Open for Service is a local campaign launched by members of Indiana's business community in response to Indiana's Religious Freedom Restoration Act (RFRA) in 2015. The law, which was perceived as anti-LGBT by critics, was widely opposed by many of Indiana's largest companies, and also led to a boycott of Indiana by activists nationally. The Open for Service campaign created a recognizable blue sticker with the text "This Business Serves Everyone," which were ubiquitously displayed in storefront windows in Indianapolis and elsewhere—in order to allow businesses to self-identify as inclusive, and would not refuse service to customers on the basis of sexual orientation (as RFRA permitted).

Open for Service also maintained an online directory of participating businesses, and raised funds for SCORE, a business mentorship nonprofit. Originally started in Indianapolis, the campaign quickly spread statewide and even nationally, with participating businesses from 23 states within the first 3 weeks.

== Background ==

In early 2015, Indiana's SB 101 was proposed by Governor Mike Pence and Republicans in the state legislature. The proposal was part of a national movement by Republicans in state government as a result of the Supreme Court case Burwell v. Hobby Lobby Stores, Inc., which recognized the religious rights of private businesses. The law was portrayed by supporters as an effort to shield businesses from expressions of religious beliefs, particularly in response to high-profile cases—such as the Arlene's Flowers case and the Masterpiece Cakeshop case—in which businesses were found to have violated the law by refusing service to gay customers.

The bill sparked a national debate on such policies, and led to major boycotts and economic repercussions, such as Angie's List canceling a major expansion that would have created 1,000 jobs in Indiana and a threat to move Gen Con out of state. Within Indianapolis, the state's most populated and Democratic area of the state, many worried about the economic and reputational harm of the law that they widely opposed.

== Launch ==
Open for Service was created by Josh Driver, an Indianapolis business owner, in March 2015, while the law was still being debated.
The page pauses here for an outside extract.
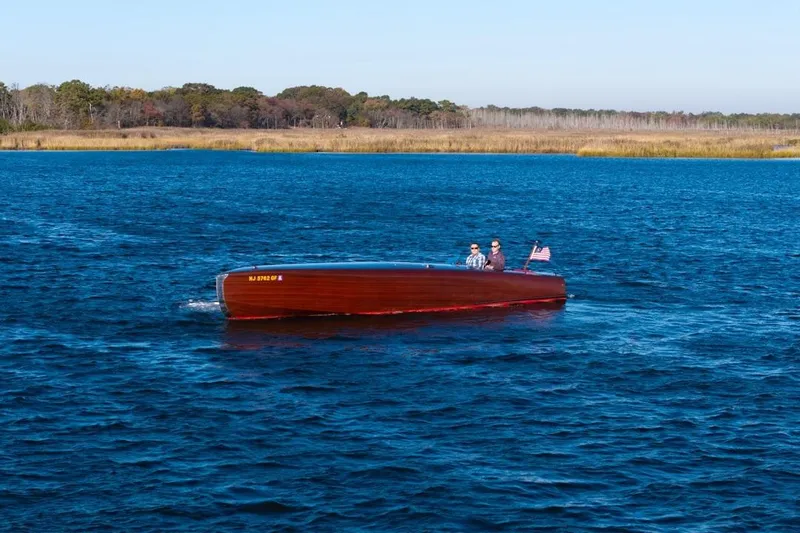 Slide: The Image of Custom 30 Gentleman's Racer boat from 1998 cruising on a serene blue lake. - 5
He stated that his motivations were to have positive approach and "focus on businesses that are willing to bake the cakes or be the DJ". Driver had previously organized local efforts to promote marriage equality.

The campaign encouraged local businesses to donate $10 in order to receive the sticker to display and be registered in their online directory. Proceeds from the donation were also donated to a nonprofit business mentorship program. At launch, more than 20 Indianapolis businesses had signed up, including well-known downtown stores such as Silver in the city. The project was registered as a 501(c)(3) nonprofit organization.

== Expansion ==
Originally envisioned as a local effort for Indianapolis businesses affected by the RFRA law, the campaign gained popularity and quickly spread beyond its creators' expectations. Within two weeks, the sticker was being adopted by several businesses in Bloomington and Monroe County. By 2018 Open for Service maintained a database of over 50,000 businesses, with only 5% in Indiana.

In 2020, Driver was named to the Indianapolis Business Journal's "Forty Under 40," and stated "When I was on the verge of giving up, I looked out of the windows of my apartment and the marquee at the Murat said that LiveNation is #openforservice".